(Stored items from a collection)
——————

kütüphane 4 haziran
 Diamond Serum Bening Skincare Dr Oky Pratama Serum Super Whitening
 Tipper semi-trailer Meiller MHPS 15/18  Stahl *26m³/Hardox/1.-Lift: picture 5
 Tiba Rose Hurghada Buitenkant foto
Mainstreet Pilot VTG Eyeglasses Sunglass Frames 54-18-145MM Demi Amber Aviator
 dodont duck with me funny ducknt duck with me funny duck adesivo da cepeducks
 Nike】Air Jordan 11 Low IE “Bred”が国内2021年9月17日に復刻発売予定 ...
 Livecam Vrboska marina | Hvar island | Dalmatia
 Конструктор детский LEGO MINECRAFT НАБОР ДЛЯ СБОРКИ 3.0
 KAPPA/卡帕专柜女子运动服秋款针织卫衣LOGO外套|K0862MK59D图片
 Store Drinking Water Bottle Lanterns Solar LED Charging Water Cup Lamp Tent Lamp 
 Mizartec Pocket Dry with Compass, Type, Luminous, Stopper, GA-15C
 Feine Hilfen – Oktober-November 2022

——————

Activity =
Using the records above, copy all lines that include the word "with".

Exercise solution =
 dodont duck with me funny ducknt duck with me funny duck adesivo da cepeducks
 Mizartec Pocket Dry with Compass, Type, Luminous, Stopper, GA-15C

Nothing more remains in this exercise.